United Press International - Thursday, 13 July 2000
Michael Smith, UPI Science News
Cal Cohen of Harvard Medical School said a new study shows T-20, a so-called fusion inhibitor, has few side-effects and apparently potent activity against HIV, the virus that causes AIDS.
Seventy patients, who were already resistant to most other drugs, took T-20 twice a day by injection, he said. All the patients were also on other medication regimes and several dropped out because of side-effects attributed to the other drugs.
But after 48 weeks, Cohen said, more than half of those who remained showed a drop by a factor of 10 in the level of virus in their blood. About one in three had their virus drop below the level of detectability.
Fusion inhibitors work by preventing the virus from entering its target cells, the immune cells known as CD4s. All other anti-HIV drugs work after the virus has already entered the CD4 cells.
Although T-20 is early in the testing process, Cohen said it has enormous promise: "This is a new class of drugs," he said. "Clearly, they are urgently needed by patients who are resistant to other drugs." The drug is being developed by Trimeris, Inc. of North Carolina and the pharmaceutical giant Hoffman-La Roche.
Although the study was primarily aimed at studying the safety of the drug, Cohen said many of the patients showed dramatic responses.

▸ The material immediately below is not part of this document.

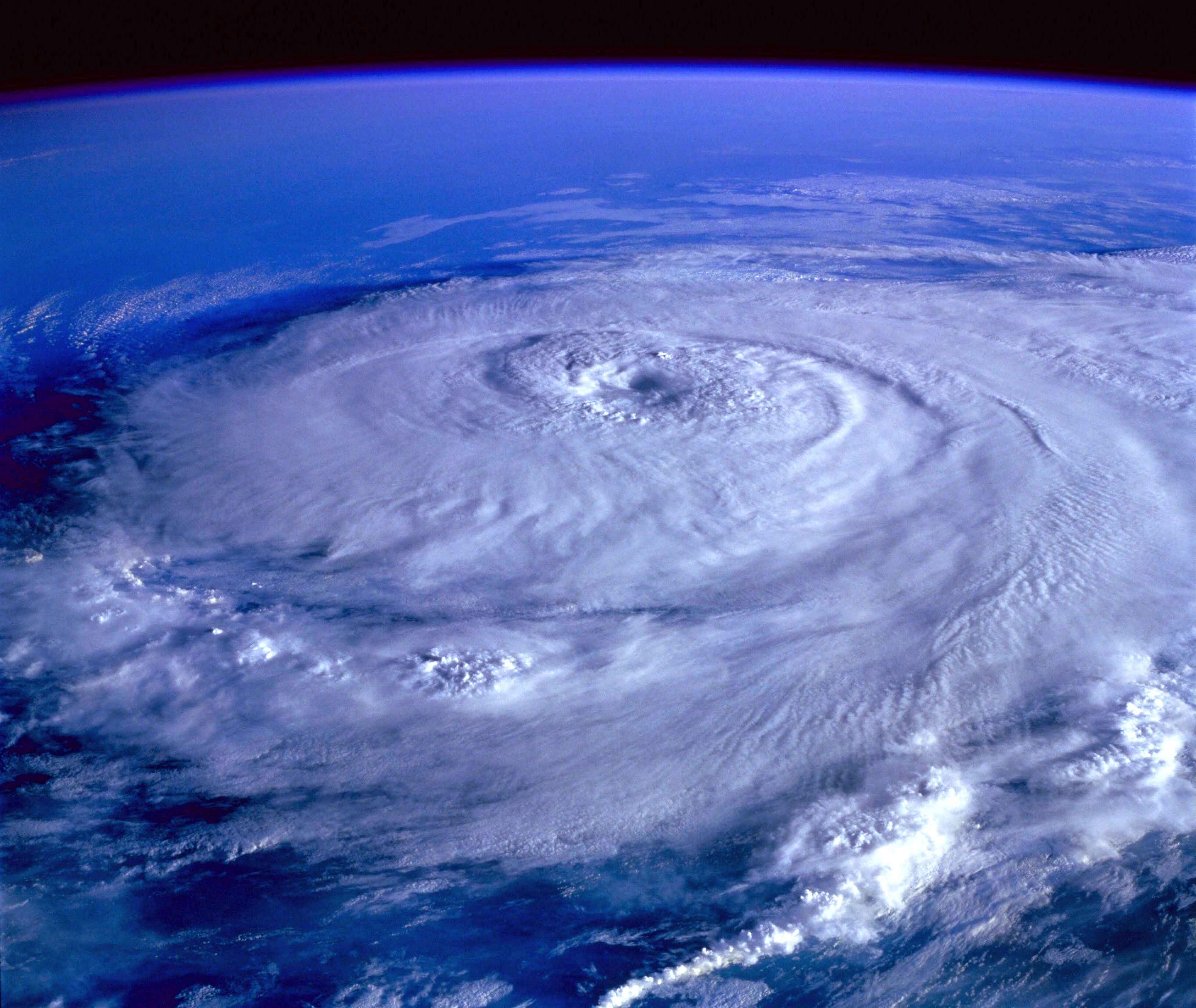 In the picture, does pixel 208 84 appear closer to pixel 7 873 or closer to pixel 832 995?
pixel 7 873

One man, already blind in one eye from an AIDS-related infection, was resistant "to every single antiretroviral drug," he said, had high levels of virus in his blood and had almost no CD4 cells left.
Now, Cohen said, the man has undetectable levels of virus in his blood and his CD4 count has rebounded to near normal levels. "He looks better than I do," Cohen said.

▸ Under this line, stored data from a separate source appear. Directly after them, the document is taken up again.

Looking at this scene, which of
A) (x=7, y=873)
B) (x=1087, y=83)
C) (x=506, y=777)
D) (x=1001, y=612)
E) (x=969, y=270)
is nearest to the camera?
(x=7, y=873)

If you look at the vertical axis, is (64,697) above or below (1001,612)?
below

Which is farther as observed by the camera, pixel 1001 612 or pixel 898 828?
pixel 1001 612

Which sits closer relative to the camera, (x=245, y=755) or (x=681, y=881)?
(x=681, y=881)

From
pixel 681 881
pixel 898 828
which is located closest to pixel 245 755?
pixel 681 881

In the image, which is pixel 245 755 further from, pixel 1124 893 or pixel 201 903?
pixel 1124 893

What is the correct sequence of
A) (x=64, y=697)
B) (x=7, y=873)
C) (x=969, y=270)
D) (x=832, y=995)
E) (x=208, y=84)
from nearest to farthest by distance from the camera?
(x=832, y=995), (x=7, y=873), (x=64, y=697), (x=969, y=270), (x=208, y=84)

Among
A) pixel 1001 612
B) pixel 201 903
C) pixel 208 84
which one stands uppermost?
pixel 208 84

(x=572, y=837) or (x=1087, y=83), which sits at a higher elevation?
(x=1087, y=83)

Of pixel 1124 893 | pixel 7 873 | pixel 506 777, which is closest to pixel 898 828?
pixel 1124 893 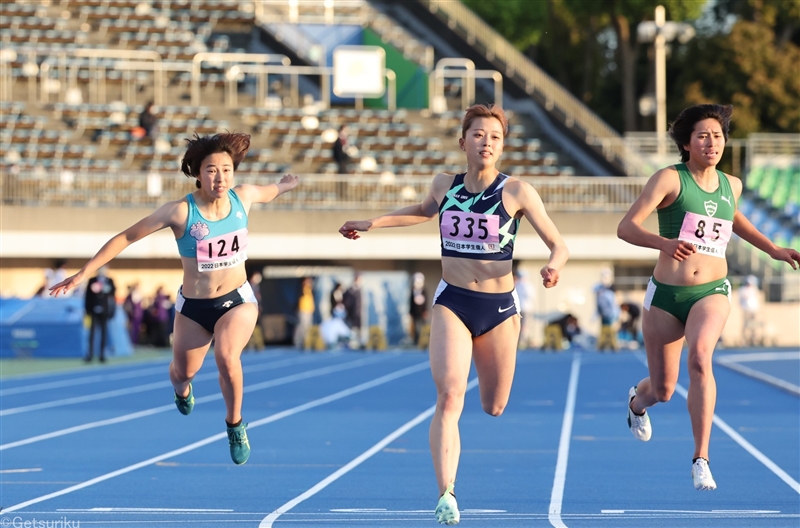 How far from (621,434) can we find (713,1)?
43.1m

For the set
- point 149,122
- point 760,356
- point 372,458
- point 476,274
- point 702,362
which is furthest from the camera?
point 149,122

The drug is a small molecule that is easily broken down by stomach acid, he said, so it is not given in pill form like other anti-HIV drugs. Instead, the patients must have subcutaneous injections twice a day.
But, Cohen said, few of the patients complained about having the injections, which they performed themselves.
"After a year, 75 percent said the process was not a problem," he said.
In other drug news Thursday:
--South African investigators said a drug derived from coal tar has passed a short safety and dosing test in 36 patients. Immunologist C. E. Van Rensburg of the University of Pretoria said the drug -- oxihumate -- had no side-effects.
But in the two-week study, she said, the researchers did not see any changes in virus levels or CD4 counts, although in the lab it inhibits reproduction of HIV.
--An American researcher, Genevieve Chavreul of the V2000 Corp. of Pasadena, Calif., said a drug invented by Thai investigators shows promise against HIV in people who have never been treated with antiretroviral drugs.
In a study of 80 people treated with V-1, she said, all had recovered and none had died -- a result she found "impressive."
But Clavreul added the early study was seriously flawed and needs to be re-done to world standards before the V-1, which she said may stimulate the immune system, can be considered a potential therapy for HIV infection.